参考：https://leetcode.com/explore/learn/card/binary-search/125/template-i/950

int binarySearch(vector& nums, int target){
  if(nums.size() == 0)
    return -1;

  int left = 0, right = nums.size() - 1;
  while(left <= right){
    // Prevent (left + right) overflow
    int mid = left + (right - left) / 2;
    if(nums[mid] == target){ return mid; }
    else if(nums[mid] < target) { left = mid + 1; }
    else { right = mid - 1; }
  }

  // End Condition: left > right
  return -1;
}

模板一是二分法搜索的最基本的形式，该模板用于搜索一个可以通过访问数组中的单个索引来确定的元素。搜索结束后不需要进行后处理。

Template #1 is the most basic and elementary form of Binary Search. It is the standard Binary Search Template that most high schools or universities use when they first teach students computer science. Template #1 is used to search for an element or condition which can be determined by accessing a single index in the array.

Search Condition can be determined without comparing to the element's neighbors (or use specific elements around it)
No post-processing required because at each step, you are checking to see if the element has been found.
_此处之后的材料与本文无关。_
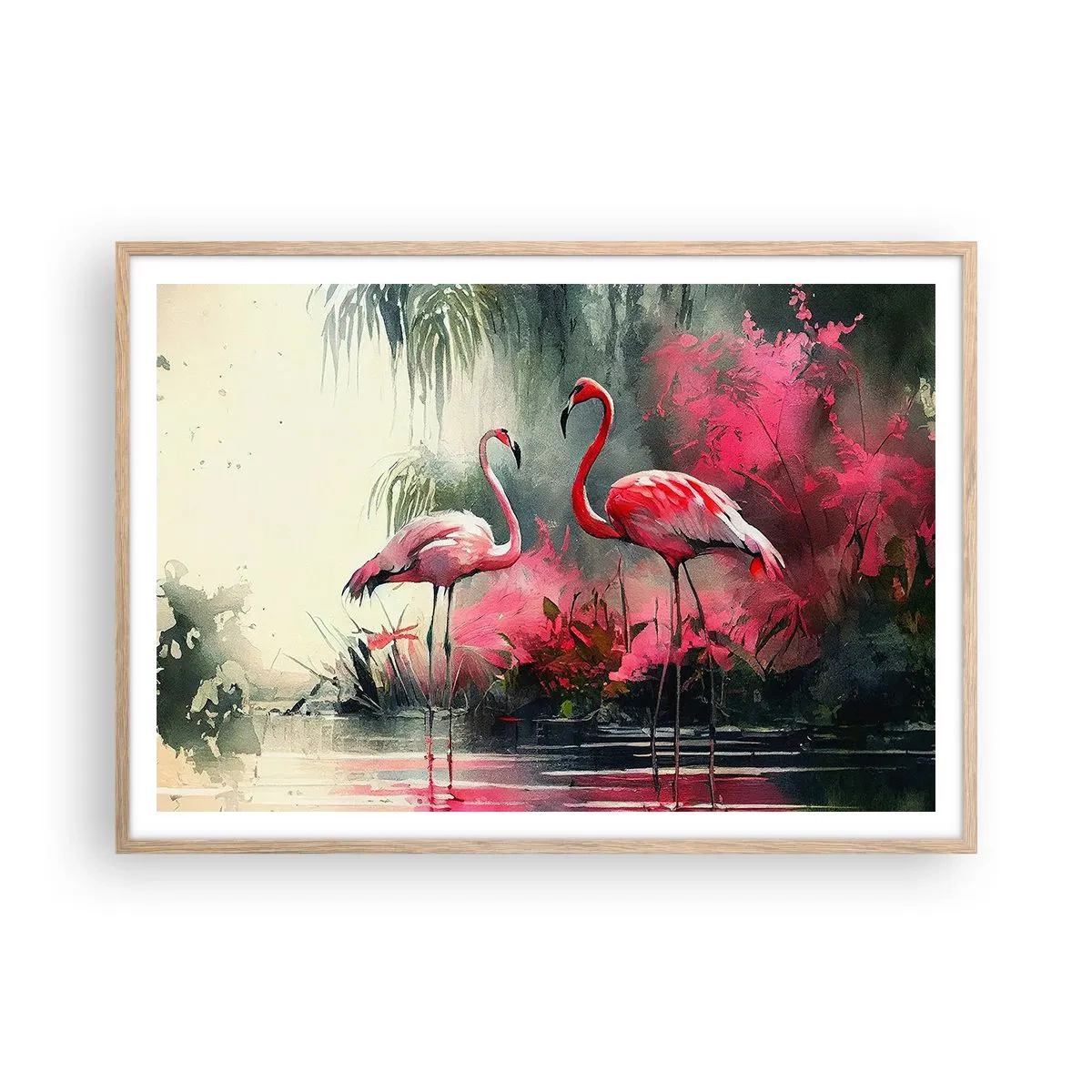 Plakat i ramme af lyst egetræ - En lektion i naturlig charme - 100x70 cm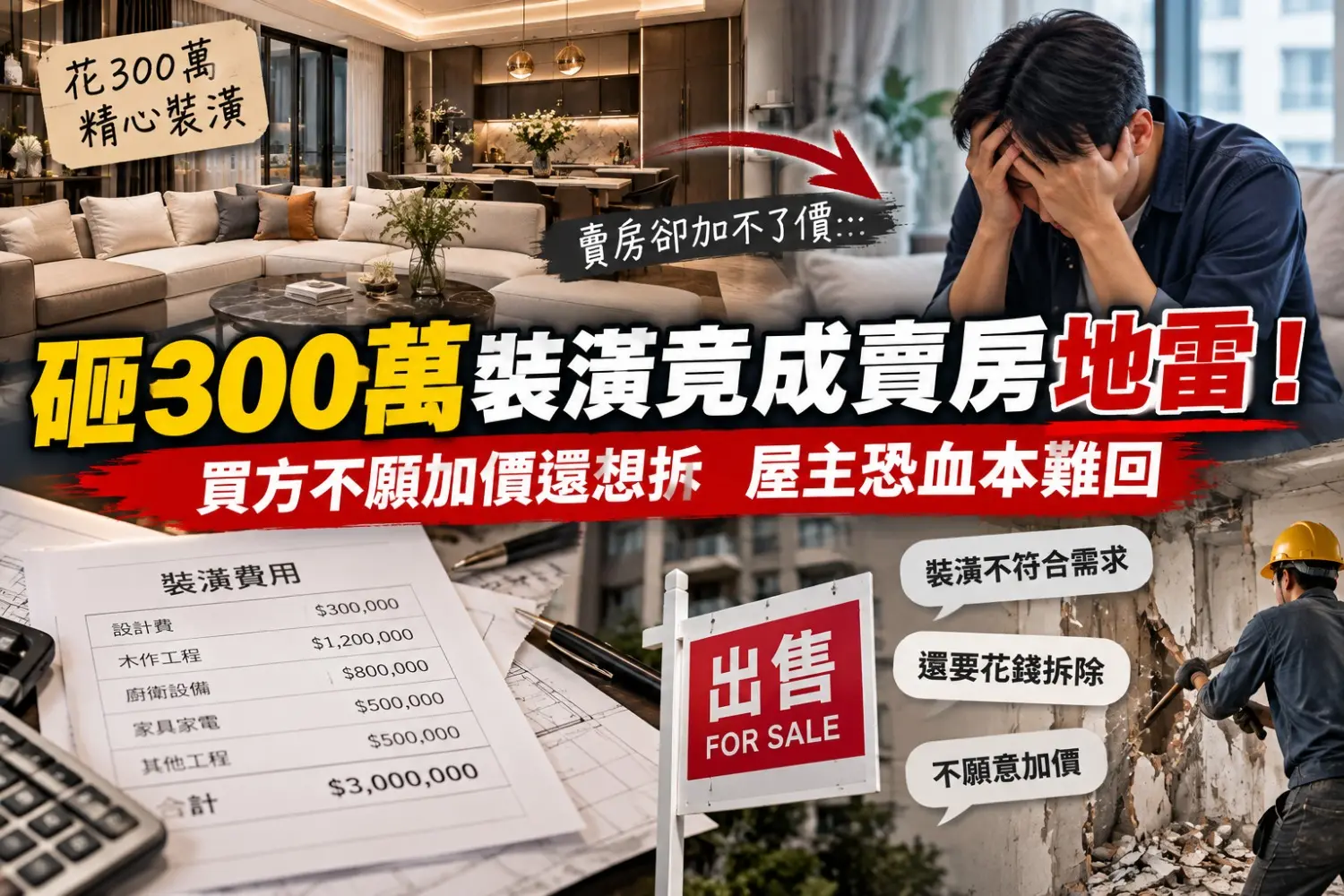 砸300萬裝潢竟成賣房地雷！買方不願加價還想拆　屋主恐血本難回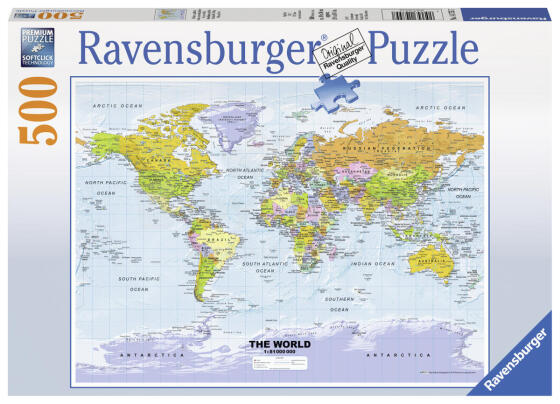 RAVENSBURGER puzzle World Map Political 500p, 14755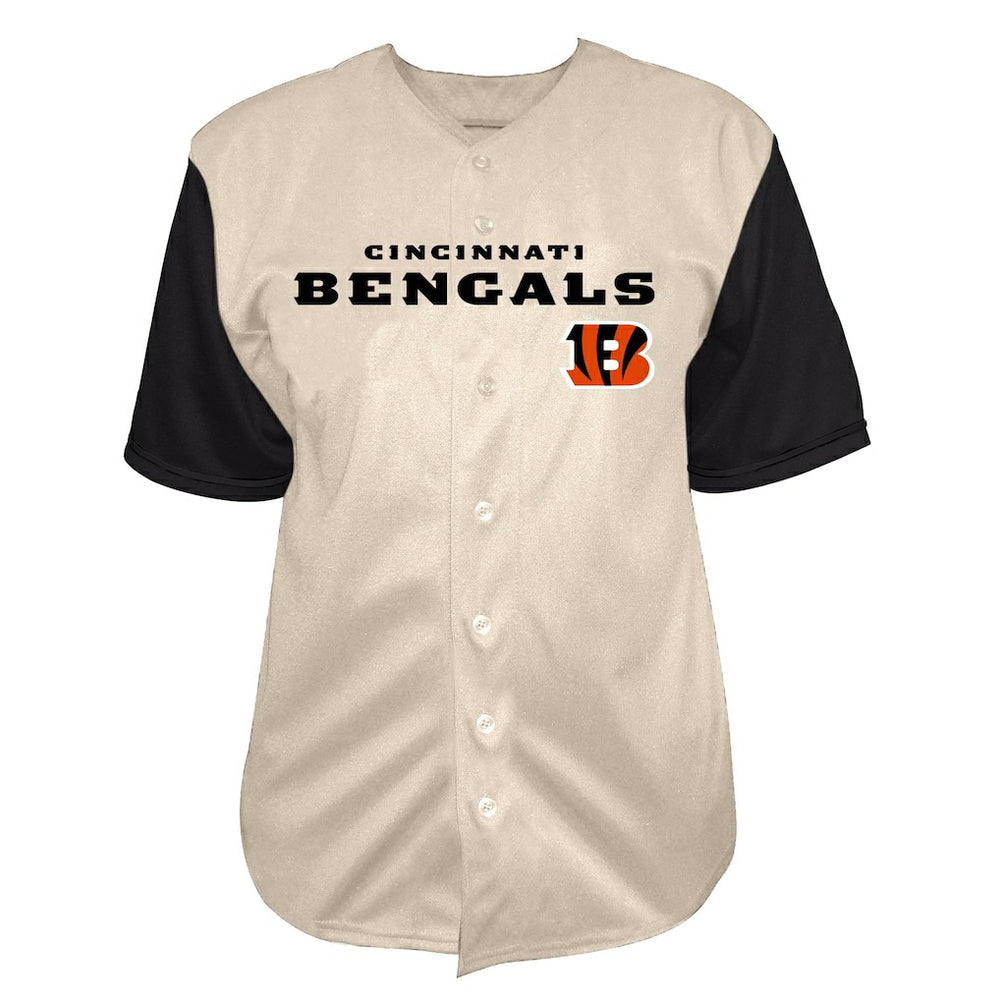 Joe Burrow  Big & Tall Baseball Button-Up Shirt - Cincinnati Bengals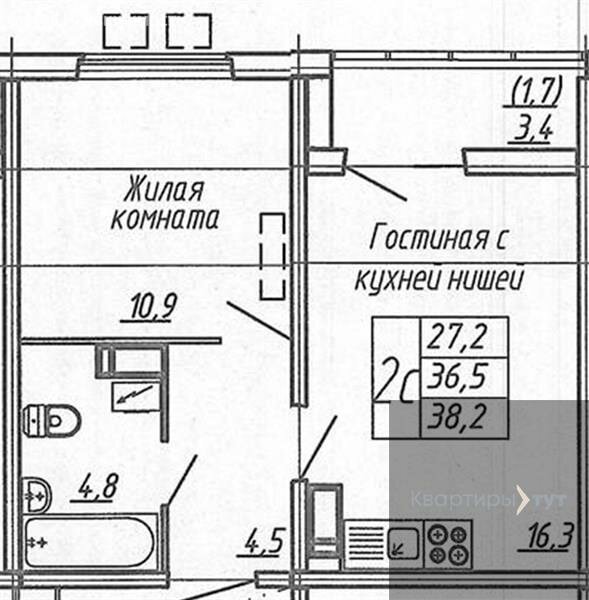 Варианты планировок ЖК «Яблоневые сады» - планировка 6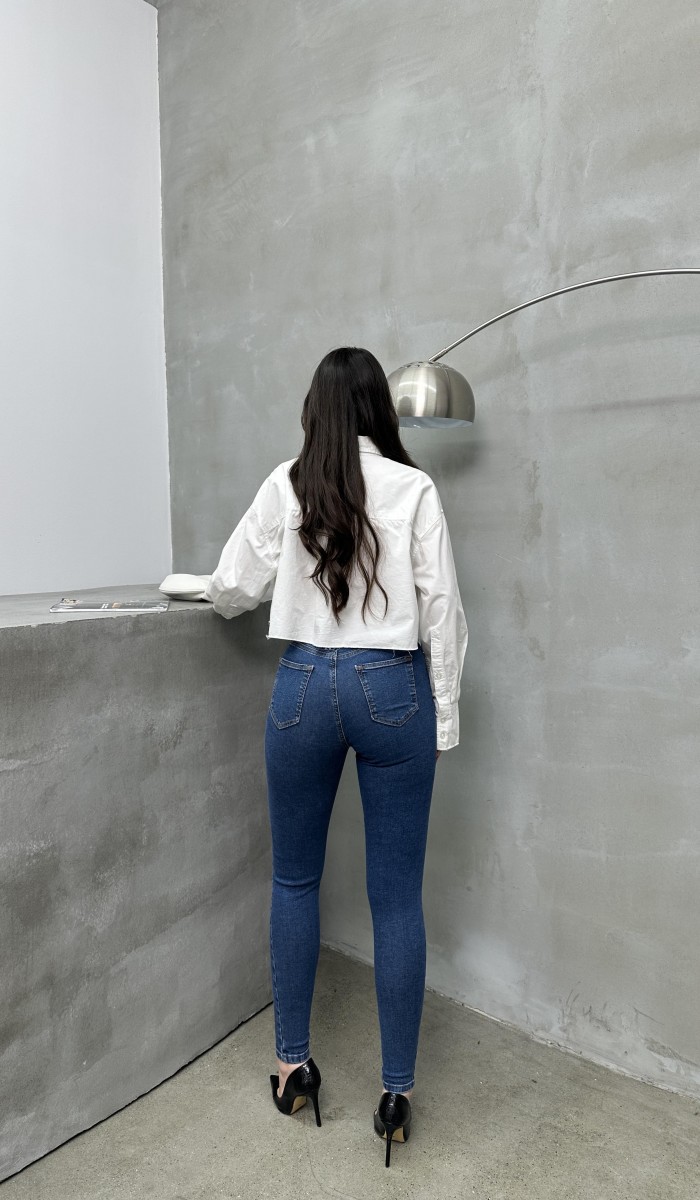 Yüksek Bel Dar Paça Blue Jean Pantolon
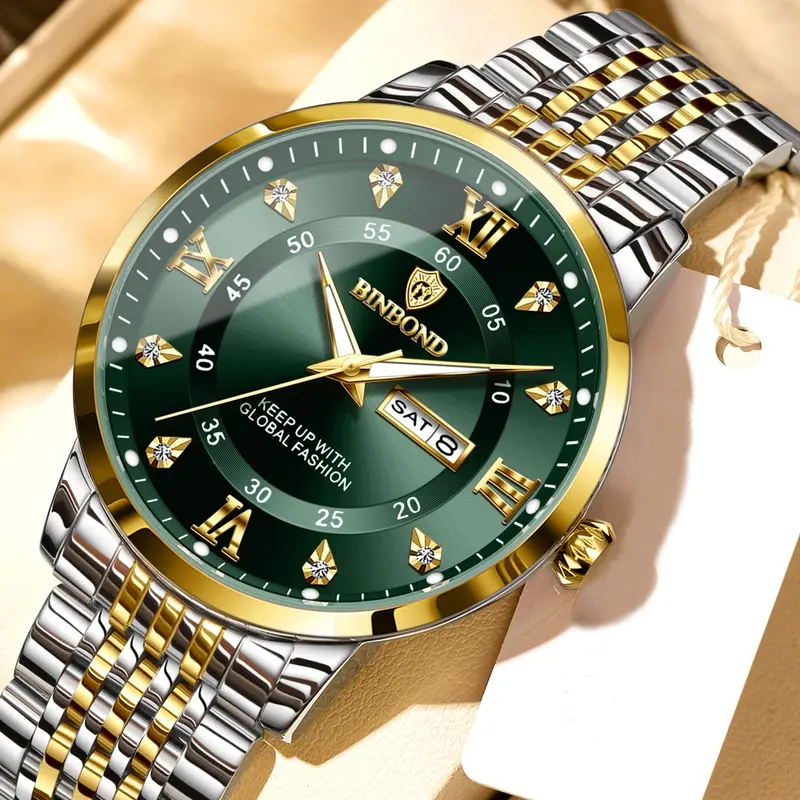 BINBOND B868 Fashion Business Watch Calendar Waterproof Diamond Roman Scale Dial Quartz Watches for Men, Quartz Analog Wristwatch, Fashion Watch for Party, Daily Clothing Decor, Watch for Birthday Gift, with Box, Diamond Wrist Watch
If you reach the end, then you know the element is not found

Distinguishing Syntax:

• Initial Condition: left = 0, right = length-1
• Termination: left > right
• Searching Left: right = mid-1
• Searching Right: left = mid+1

应用1：Sqrt(x)

Implement int sqrt(int x).

Compute and return the square root of x, where x is guaranteed to be a non-negative integer.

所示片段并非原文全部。